**Work required**
Return the data verbatim, without pictures.

**The data**
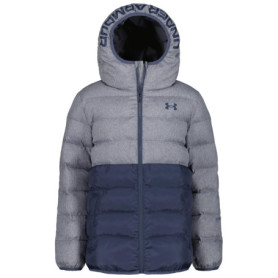Manteau Puffer Colorblock Under Armour pour Garçon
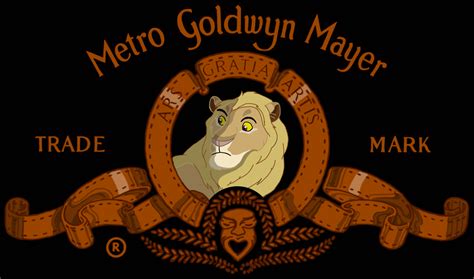 Mgm Logo (Cartoon) by AndrewShilohJeffery on DeviantArt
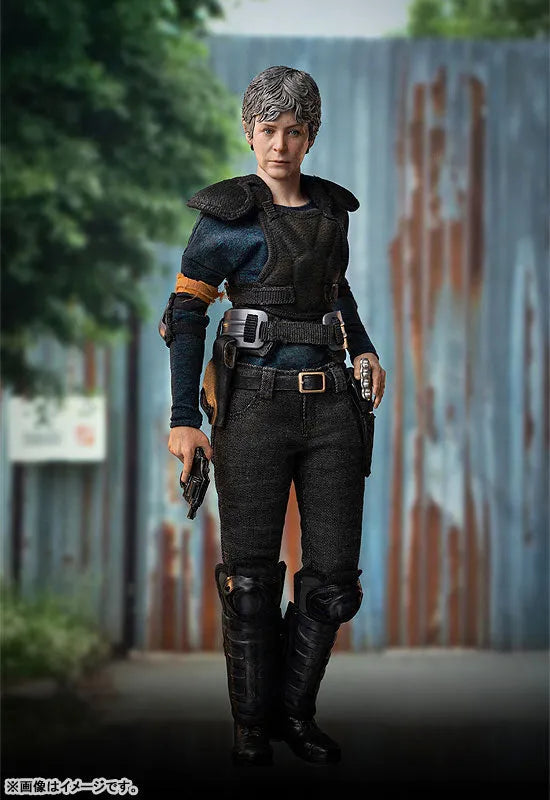 The Walking Dead - Carol Peletier - Season 1 - 1/6 (threezero)ㅤ – ThreeZero – ActionFigureBrasil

**Exercise solution**
Manteau Puffer Colorblock Under Armour pour Garçon
 Mgm Logo (Cartoon) by AndrewShilohJeffery on DeviantArt
 The Walking Dead - Carol Peletier - Season 1 - 1/6 (threezero)ㅤ – ThreeZero – ActionFigureBrasil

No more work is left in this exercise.